By Jessica Mitchell – Submission

“Oh, so like Sim City?” The response every planner gets when they try to explain to people what they do.

It’s not entirely incorrect – many professional planners make decisions that build cities.

But there is much more to it, which I came to truly understand this summer while working with the RM of Edenwold Planning Department.

We do not just sit in our offices surrounded by Lego blocks designing elaborate skyscrapers. The bulk of planning work is meeting with people, researching and writing informed bylaws and policies, taking phone calls, drafting memos for Council and refining development standards.

Municipal planning is all about taking ideas and making them into something tangible to improve the lives of citizens. I was able to take part in the development of the newest phase of pedestrian pathway to be added along Great Plains Road, a project that will have huge impacts on the safety and connectivity of Emerald Park.

Policy research I did this summer will affect the way the RM takes shape over the coming years, including improved signage regulations and new commercial development standards. One of the most profound things I have learned is how much the details matter. Great municipalities rely on a mosaic of small, deliberate details working together to support the same purpose.

Two things were clear to me within days of staring my summer position: firstly, the RM office is a very, very busy place. Each member of the administration is constantly interacting with ratepayers, suppliers, other municipalities and other levels of government. Secondly, I realized they are very good at what they do. It was clear from the get-go I was in a work environment defined by efficiency, professionalism and a genuine desire to serve the RM ratepayers.

The unique diversity of this RM created an amazing learning environment and I was exposed to an incredibly wide range of planning issues. The RM attracts an equally wide range of people, businesses and organizations, which gives it the ability to bring together farmers and equipment dealers, senior citizens and grocery stores, young families and recreation options. Few rural municipalities have the ability to do this.

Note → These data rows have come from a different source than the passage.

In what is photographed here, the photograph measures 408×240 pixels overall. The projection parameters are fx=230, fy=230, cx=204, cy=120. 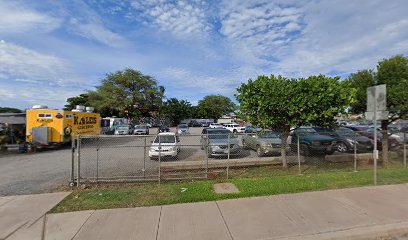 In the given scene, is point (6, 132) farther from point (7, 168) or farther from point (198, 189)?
point (198, 189)

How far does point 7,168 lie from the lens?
35.7 ft

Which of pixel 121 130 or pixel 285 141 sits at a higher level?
pixel 285 141

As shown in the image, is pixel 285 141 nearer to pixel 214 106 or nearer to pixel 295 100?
pixel 295 100

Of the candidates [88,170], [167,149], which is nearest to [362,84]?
[167,149]

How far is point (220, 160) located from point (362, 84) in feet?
23.9

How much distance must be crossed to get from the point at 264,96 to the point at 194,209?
472 centimetres

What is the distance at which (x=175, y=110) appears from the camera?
63.7 meters

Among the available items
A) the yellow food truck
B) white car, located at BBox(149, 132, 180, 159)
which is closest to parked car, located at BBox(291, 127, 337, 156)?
white car, located at BBox(149, 132, 180, 159)

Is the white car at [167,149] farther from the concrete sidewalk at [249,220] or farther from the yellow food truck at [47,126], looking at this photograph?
the yellow food truck at [47,126]

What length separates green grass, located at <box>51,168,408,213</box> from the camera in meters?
5.78

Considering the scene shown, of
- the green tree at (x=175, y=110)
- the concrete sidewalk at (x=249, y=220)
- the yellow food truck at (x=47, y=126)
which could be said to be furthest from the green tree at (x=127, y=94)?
the concrete sidewalk at (x=249, y=220)

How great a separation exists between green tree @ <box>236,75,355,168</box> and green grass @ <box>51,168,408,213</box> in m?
2.03

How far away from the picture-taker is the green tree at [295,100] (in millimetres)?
7785

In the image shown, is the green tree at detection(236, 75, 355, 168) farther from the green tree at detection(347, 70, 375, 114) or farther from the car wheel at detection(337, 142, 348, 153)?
the car wheel at detection(337, 142, 348, 153) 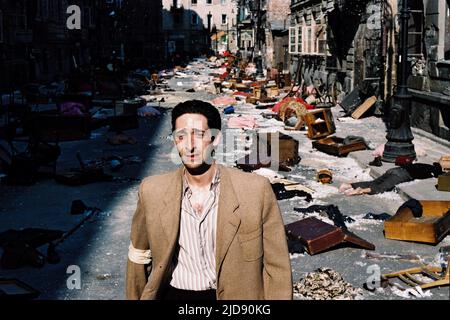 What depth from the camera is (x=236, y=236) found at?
110 inches

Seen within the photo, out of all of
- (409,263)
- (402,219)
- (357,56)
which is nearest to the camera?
(409,263)

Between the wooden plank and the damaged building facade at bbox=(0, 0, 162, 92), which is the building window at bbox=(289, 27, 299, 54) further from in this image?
the wooden plank

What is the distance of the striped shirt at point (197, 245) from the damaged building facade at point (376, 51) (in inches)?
432

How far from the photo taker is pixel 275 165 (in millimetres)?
11156

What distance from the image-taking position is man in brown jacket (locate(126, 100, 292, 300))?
9.16 ft

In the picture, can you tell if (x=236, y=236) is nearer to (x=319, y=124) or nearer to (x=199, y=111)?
(x=199, y=111)

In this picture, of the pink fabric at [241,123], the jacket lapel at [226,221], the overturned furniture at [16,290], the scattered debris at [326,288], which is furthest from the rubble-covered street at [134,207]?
the jacket lapel at [226,221]

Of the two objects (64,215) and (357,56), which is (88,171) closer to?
(64,215)

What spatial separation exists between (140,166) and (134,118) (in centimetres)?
548

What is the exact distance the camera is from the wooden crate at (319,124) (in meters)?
14.7

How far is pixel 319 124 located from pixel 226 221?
1243 centimetres

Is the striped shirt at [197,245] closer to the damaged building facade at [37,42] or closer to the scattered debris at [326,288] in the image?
the scattered debris at [326,288]

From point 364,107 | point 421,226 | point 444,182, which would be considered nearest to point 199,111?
point 421,226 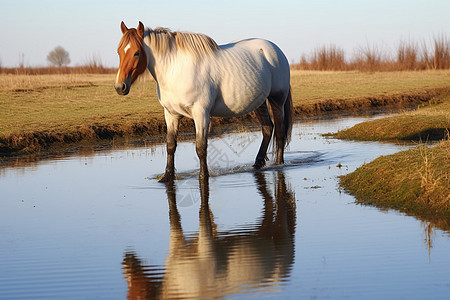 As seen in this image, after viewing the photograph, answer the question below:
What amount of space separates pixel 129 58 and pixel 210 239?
307 centimetres

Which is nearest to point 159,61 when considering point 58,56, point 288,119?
point 288,119

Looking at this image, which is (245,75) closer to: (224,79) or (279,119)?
(224,79)

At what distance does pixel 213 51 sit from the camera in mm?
8188

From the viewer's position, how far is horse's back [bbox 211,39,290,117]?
27.1 ft

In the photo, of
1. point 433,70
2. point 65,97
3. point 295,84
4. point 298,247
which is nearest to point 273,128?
point 298,247

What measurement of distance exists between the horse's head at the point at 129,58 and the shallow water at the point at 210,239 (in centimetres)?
131

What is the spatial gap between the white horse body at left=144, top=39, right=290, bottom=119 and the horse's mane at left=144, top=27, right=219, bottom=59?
10cm

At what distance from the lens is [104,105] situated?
17328 millimetres

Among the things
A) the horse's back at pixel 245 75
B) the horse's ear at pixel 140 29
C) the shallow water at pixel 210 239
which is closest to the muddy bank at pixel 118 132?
the shallow water at pixel 210 239

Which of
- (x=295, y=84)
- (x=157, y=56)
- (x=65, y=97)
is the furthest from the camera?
(x=295, y=84)

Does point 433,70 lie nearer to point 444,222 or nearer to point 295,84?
point 295,84

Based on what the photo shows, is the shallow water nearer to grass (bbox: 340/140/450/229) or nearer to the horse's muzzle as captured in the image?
grass (bbox: 340/140/450/229)

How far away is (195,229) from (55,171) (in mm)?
4261

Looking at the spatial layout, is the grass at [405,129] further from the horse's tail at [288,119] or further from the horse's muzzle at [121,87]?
the horse's muzzle at [121,87] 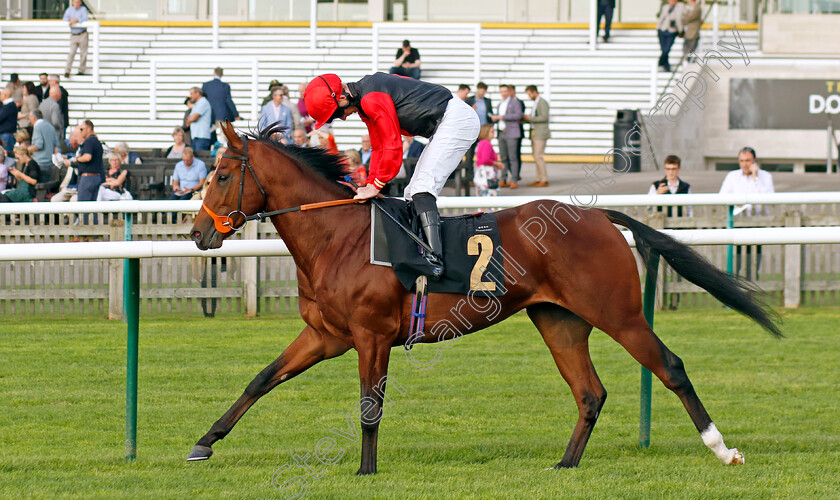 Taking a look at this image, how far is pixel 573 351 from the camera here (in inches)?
196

While I am excited to move back home to Saskatoon to complete the last semester of my Regional and Urban Planning degree at the University of Saskatchewan, it will be bittersweet to say goodbye to the RM. Every day provided new and exciting opportunities to see how planning works in the “real world,” and as valuable as my coursework has been, it’s clear there is a gap between theory and reality.

Aside from technical planning issues, I have learned so much about the interplay between planning and politics, the importance of effective communication and the nuances of providing great service.

Growing up on a farm, I had a suspicion that planning in a rural context might be where I felt most comfortable. My time here this summer proved that to be the case. I extend a huge thank you to the RM council for allowing the Planning Department to take me on for the summer, as well as to Kim, Karen, Priscilla, Sherry and everyone at the RM for making me feel welcome. An extra special thank-you goes to RM Planners Jana and Paige for their never-ending patience and for their professional and personal mentorship. I’ve already told them that I expect to be kept up-to-date on all the local goings-on.